WORK REQUIRED - Output the line with "Miley Cyrus anunță" and every following line to the end of the material, exactly as they appear.

DATA FOR THIS EXERCISE -
-----

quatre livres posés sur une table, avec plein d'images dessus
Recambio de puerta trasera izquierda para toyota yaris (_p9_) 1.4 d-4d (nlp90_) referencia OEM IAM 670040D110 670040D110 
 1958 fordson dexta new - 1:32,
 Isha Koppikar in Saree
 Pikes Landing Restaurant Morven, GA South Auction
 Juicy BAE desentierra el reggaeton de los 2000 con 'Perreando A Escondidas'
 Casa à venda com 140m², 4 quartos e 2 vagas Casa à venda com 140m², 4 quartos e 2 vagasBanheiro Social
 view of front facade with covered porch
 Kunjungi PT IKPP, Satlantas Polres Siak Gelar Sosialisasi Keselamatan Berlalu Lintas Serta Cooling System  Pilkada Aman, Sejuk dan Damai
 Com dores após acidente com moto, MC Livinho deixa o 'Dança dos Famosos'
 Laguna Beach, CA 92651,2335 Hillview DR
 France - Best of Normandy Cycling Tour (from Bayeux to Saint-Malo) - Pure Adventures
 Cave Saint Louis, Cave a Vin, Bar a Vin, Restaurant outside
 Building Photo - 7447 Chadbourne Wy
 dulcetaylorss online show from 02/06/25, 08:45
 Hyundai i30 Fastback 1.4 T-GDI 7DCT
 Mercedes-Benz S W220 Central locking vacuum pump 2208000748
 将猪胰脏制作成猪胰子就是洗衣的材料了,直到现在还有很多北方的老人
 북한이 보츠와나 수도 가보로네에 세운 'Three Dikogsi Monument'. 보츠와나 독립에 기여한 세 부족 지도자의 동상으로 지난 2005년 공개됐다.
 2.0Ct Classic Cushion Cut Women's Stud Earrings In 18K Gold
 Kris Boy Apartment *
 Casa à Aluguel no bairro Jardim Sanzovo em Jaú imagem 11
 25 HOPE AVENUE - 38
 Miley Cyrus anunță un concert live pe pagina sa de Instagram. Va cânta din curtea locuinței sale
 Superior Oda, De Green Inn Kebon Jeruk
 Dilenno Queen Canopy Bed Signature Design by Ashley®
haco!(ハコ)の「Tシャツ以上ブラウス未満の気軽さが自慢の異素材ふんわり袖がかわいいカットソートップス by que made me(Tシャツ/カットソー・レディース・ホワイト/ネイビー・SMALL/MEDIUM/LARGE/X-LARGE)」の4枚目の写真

-----

SOLUTION TO THIS PROBLEM -
 Miley Cyrus anunță un concert live pe pagina sa de Instagram. Va cânta din curtea locuinței sale
 Superior Oda, De Green Inn Kebon Jeruk
 Dilenno Queen Canopy Bed Signature Design by Ashley®
haco!(ハコ)の「Tシャツ以上ブラウス未満の気軽さが自慢の異素材ふんわり袖がかわいいカットソートップス by que made me(Tシャツ/カットソー・レディース・ホワイト/ネイビー・SMALL/MEDIUM/LARGE/X-LARGE)」の4枚目の写真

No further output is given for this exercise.